Hau’oli Kikaha, DE/OLB

Kikaha is another player with a high draft pedigree. A second round pick by New Orleans in 2015, he flashed as a rookie but the very next year tore his ACL. That sapped him of much of his speed, and with other capable option on their roster, the Saints were forced to cut bait. For the Bills, Kikaha doesn’t have the size or the pass rush ability to be a full-time defensive end in this defense, but might fit as a backup to Lorenzo Alexander at SAM linebacker. Veteran journeyman Deon Lacey is currently in that role, but he had a very disappointing preseason.

Kevin Minter, ILB

The Bills cut recent sixth round pick Tanner Vallejo, leaving Julian Stanford as the sole backup at inside linebacker. With only 19 tackles and few starts in his career, Stanford is hardly someone the team can rely on. Minter is a former second round pick and starter for the Arizona Cardinals and Cincinnati Bengals. Injuries and suspensions have limited his impact on the field and he was eventually signed by the Jets for a pittance until he was cut on Friday.

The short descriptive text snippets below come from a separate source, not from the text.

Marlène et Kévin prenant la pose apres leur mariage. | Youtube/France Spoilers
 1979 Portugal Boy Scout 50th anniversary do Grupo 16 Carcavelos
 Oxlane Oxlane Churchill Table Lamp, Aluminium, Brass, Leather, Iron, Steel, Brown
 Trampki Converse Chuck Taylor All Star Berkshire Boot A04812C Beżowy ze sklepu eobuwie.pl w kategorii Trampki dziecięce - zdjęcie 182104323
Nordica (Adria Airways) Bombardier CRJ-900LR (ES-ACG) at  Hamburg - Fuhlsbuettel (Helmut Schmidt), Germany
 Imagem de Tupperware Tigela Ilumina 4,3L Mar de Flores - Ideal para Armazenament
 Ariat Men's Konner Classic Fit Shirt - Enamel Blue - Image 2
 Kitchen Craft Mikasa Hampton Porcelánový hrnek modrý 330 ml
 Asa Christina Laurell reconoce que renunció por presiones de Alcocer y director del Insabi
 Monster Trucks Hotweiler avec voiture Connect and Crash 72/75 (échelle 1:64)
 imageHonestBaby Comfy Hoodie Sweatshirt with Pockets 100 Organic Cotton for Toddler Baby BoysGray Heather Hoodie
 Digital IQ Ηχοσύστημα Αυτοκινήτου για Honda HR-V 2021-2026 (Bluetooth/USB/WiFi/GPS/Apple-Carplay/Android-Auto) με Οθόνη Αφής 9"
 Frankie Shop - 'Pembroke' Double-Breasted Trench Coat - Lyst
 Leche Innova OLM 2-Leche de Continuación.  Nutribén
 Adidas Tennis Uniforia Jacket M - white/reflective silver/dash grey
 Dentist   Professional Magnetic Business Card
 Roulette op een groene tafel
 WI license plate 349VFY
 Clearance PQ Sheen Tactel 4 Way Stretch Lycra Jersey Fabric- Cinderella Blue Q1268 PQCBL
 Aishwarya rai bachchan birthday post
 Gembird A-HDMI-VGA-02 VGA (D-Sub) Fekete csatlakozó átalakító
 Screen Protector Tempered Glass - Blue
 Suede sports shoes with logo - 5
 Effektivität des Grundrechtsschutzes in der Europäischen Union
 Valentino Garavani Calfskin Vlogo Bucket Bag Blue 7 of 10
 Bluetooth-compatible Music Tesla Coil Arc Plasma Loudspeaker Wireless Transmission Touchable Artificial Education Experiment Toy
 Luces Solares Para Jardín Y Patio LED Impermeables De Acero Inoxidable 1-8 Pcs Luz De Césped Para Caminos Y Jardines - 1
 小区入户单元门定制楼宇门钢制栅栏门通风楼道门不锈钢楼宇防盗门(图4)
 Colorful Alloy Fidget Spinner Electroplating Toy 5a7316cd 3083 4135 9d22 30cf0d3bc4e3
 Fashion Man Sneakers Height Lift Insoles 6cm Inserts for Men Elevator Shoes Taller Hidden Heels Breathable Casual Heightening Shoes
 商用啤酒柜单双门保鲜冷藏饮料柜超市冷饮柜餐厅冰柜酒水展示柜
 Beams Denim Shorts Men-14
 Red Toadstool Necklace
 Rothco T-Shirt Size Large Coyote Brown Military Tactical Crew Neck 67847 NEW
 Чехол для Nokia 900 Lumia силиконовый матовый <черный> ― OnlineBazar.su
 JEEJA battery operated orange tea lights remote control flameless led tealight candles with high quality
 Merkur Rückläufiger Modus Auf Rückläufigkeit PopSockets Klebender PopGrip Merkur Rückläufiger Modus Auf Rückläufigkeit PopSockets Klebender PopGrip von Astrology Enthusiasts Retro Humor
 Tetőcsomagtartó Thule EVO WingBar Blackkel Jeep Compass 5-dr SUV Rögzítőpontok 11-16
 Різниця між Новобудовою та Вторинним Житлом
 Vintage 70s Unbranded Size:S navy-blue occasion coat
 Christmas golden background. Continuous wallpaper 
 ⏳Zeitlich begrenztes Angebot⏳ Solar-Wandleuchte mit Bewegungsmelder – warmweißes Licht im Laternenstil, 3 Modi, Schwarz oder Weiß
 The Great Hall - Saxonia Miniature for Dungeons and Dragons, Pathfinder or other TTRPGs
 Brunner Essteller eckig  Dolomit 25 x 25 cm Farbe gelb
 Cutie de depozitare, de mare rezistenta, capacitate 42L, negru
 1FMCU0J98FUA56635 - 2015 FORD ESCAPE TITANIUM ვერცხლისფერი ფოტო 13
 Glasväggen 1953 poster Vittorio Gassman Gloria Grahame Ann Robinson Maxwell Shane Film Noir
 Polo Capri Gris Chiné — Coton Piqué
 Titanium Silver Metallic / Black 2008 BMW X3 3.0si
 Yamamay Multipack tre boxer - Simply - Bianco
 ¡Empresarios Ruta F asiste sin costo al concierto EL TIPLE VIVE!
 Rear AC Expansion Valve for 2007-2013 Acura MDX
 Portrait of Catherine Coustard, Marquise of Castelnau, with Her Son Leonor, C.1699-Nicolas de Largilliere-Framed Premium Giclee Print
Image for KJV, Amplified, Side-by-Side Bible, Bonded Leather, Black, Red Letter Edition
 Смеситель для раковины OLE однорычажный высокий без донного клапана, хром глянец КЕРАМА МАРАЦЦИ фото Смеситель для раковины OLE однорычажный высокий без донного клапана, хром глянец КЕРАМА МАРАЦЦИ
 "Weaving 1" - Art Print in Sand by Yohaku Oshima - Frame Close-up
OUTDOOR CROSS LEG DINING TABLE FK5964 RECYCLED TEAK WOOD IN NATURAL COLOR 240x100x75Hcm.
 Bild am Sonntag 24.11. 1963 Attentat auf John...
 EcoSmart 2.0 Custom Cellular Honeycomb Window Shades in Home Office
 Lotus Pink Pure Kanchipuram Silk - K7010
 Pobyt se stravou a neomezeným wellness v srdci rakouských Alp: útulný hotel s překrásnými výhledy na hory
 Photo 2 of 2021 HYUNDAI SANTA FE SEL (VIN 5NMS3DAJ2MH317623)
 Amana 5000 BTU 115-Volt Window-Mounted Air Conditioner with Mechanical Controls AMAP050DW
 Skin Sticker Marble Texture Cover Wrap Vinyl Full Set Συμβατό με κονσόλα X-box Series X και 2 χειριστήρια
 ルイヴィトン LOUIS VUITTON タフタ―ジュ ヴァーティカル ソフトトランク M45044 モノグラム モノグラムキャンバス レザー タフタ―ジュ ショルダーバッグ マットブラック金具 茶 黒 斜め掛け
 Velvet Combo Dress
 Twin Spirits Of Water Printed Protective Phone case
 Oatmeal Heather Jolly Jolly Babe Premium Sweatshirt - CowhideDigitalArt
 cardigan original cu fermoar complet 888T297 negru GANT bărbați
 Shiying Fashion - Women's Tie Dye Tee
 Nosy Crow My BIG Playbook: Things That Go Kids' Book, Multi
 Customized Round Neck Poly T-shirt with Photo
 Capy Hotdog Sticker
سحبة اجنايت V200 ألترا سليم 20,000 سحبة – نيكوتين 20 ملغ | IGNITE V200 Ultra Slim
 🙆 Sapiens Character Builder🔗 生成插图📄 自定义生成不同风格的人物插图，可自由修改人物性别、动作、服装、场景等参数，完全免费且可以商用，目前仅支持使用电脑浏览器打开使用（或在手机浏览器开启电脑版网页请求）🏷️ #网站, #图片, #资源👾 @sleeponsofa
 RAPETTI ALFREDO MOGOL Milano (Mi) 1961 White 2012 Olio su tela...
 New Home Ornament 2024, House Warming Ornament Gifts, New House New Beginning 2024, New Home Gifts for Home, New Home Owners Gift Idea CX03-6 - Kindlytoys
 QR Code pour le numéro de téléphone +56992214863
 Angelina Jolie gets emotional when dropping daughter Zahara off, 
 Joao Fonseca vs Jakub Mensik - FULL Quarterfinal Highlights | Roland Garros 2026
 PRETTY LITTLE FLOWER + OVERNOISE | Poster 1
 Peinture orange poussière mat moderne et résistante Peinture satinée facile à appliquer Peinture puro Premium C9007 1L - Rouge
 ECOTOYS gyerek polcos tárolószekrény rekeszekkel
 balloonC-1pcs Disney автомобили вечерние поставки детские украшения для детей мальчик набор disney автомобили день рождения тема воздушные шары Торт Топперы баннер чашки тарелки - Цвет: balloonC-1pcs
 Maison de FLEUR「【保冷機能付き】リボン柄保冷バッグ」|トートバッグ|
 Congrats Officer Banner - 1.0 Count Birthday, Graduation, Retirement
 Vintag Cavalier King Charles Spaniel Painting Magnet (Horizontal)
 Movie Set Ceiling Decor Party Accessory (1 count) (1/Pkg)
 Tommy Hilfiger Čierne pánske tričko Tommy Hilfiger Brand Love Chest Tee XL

Though he wouldn’t offer much upside in coverage, the 6’0”, 246 pound veteran linebacker still can be a force against run, something the Bills struggled against last year, and would provide a veteran voice in the locker room for rookie Tremaine Edmunds.

Nico Siragusa, OG

Similar to Garcia, Siragusa suffered a devastating injury his rookie year, tearing his ACL, MCL and PCL. A fourth round pick in 2017, Siragusa is a six-foot-four, 319-pound run blocking tank. He likely needs some additional time to recover, but the Bills need an influx of talent along the interior of the offensive line and Siragusa would be a great fit for the type of power run team the Bills are looking to become.

Breshad Perriman, WR

Perriman was the 26th overall pick of the 2015 NFL Draft by the Baltimore Ravens and was supposed to be the team’s new long-term deep threat. Injuries and ineffectiveness limited his usage, and after the Ravens went out and signed several quality veterans, Perriman ran out of chances. Still only 24 years old, the third-year player still has the raw athleticism that saw him drafted in the first round. Perhaps all he needs is a change in scheme and scenery.